Признание «вилки Юма» никоим образом не означает, что любая система понятий о хорошем и дурном или о правильном или неправильном столь же приемлема, как и всякая другая. (Будь это так, для этики как дисциплины не осталось бы места в сфере критического анализа.) Подобные понятия открыты для рационального обсуждения. Из различения факта и ценности вытекает иное, а именно то, что нормативные предложения не могут основываться только на фактах и логике. Действительно, их можно рассматривать с точки зрения правильности их фактического и логического содержания и с точки зрения их взаимной согласованности. Меня могли бы разубедить в том, что Смит – негодяй, или в том, что какое-то конкретное поведение порочно, показав мне, что я неверно истолковал факты. А показав, что некоторые из моих ценностных суждений в свете фактов и логики противоречат другим, мне продемонстрировали бы допущенную где-то ошибку и необходимость заново всё продумать.

Заблуждение логического позитивизма

В отличие от оставшегося в прошлом логического позитивизма, принцип, называемый «вилкой Юма», не требует квалифицировать этические предложения как пустой звук или всего лишь как субъективные выражения эмоций. Несколько лет назад я ошибочно полагал, что этические предложения принадлежат к категории «субъективных отношений» наряду с высказываниями типа: «Приятно жить в Уолнат-Гроув[14 - Уолнат-Гроув (букв. «Ореховая Роща») – название нескольких населенных пунктов, расположенных в разных штатах США.]» или «Это пиво освежает». Когда A называет пиво «освежающим», а B – «отвратительным», их высказывания не противоречат друг другу, если каждый из них просто сообщает о своей личной реакции. Точно так же если C называет какой-то поступок морально неправильным, а D называет его правильным, каждый из них, возможно, просто передает свое личное впечатление о поступке или мнение о нем.

Но подобная интерпретация обычно не подходит для высказывания, характеризуемого как моральное суждение. Как правило, говорящие (C и D) считают, что высказывают нечто о самом поступке. Когда они не согласны друг с другом, они знают, что их разногласия касаются не просто того, точно ли каждый из них передает свое собственное впечатление. Нелепо думать, пишет Тулмин, что никакие два этических суждения не могут противоречить друг другу, поскольку все суждения такого рода лишь передают субъективные впечатления – как в примере с пивом (Toulmin 1960, p. 32–33).

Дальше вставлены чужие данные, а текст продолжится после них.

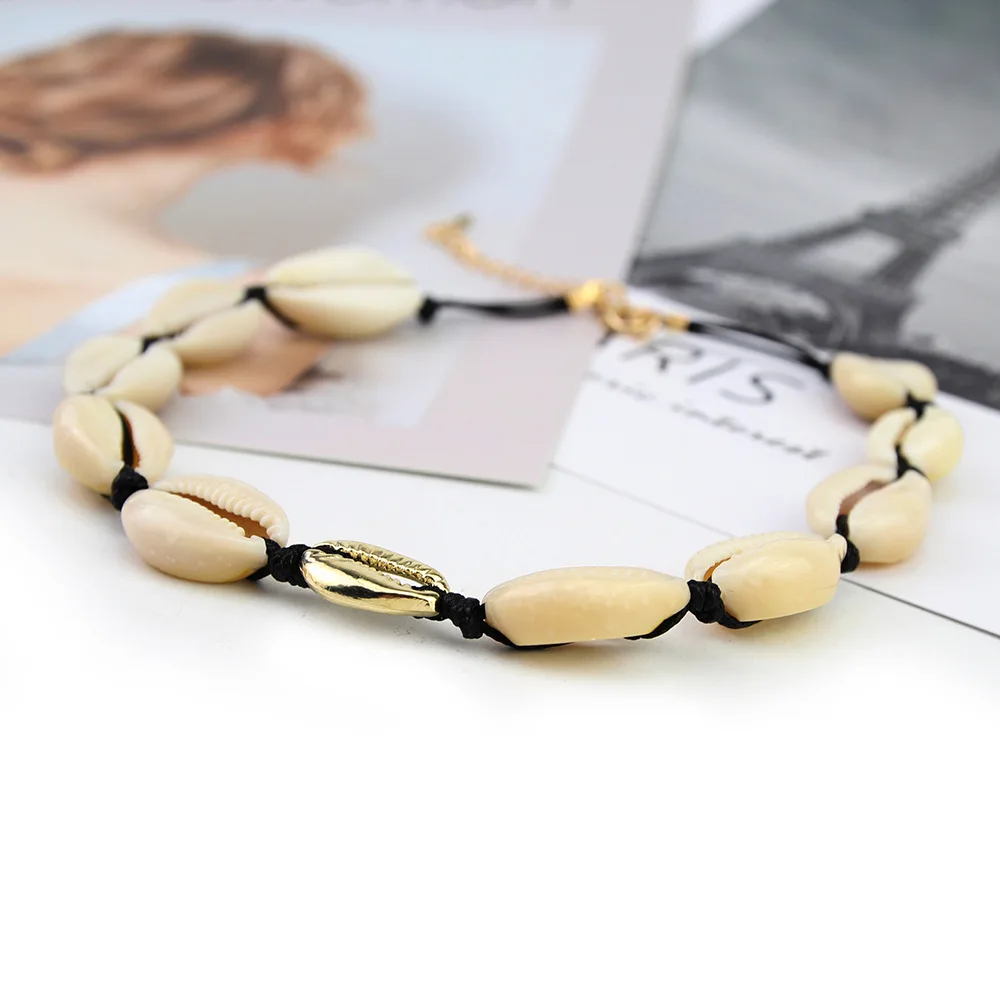 TOUCHEART Fashion Black Rope Chain Choker Necklace&Pendants For Women Natural Seashell Necklace Charm Jewelry Necklace SNE190076
TOUCHEART Fashion Black Rope Chain Choker Necklace&Pendants For Women Natural Seashell Necklace Charm Jewelry Necklace SNE190076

Еще одно уязвимое место субъективистской интерпретации, продолжает Тулмин, – затруднение, возникающее при попытке объяснить, почему люди, формируя собственные моральные суждения, принимают во внимание моральные суждения других (p. 33). Однако, чтобы отвергнуть субъективистскую интерпретацию, этого соображения недостаточно. Я могу считаться с суждениями других людей, имеющими отношение к моим поступкам, по меньшей мере по двум причинам: я не уверен в своих моральных воззрениях и не отказался бы от руководства; я хочу избежать неодобрения со стороны других, если за это не придется дорого заплатить.